**REQUIRED ACTION:** Below are lines of data, and only some are wanted. Please repeat exactly those from the line that has "Today we're going" through the line that has "Then click on".

**RAW DATA:**
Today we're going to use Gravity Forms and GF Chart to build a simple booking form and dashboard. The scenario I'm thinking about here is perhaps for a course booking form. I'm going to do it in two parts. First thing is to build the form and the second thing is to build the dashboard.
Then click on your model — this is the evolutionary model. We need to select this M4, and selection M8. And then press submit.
--
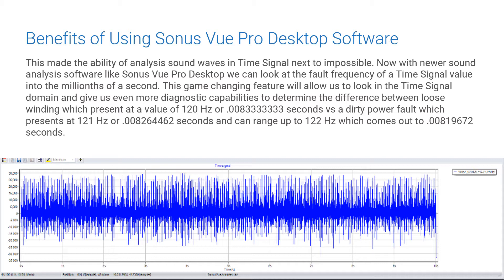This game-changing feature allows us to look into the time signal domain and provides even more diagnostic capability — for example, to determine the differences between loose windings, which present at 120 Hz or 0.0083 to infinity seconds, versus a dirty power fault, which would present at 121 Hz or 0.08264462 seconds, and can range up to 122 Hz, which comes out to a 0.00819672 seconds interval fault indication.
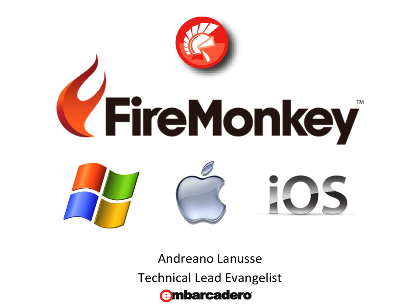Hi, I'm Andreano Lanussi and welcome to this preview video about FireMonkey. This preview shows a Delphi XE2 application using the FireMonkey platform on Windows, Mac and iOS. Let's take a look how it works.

**RESULT:**
Today we're going to use Gravity Forms and GF Chart to build a simple booking form and dashboard. The scenario I'm thinking about here is perhaps for a course booking form. I'm going to do it in two parts. First thing is to build the form and the second thing is to build the dashboard.
Then click on your model — this is the evolutionary model. We need to select this M4, and selection M8. And then press submit.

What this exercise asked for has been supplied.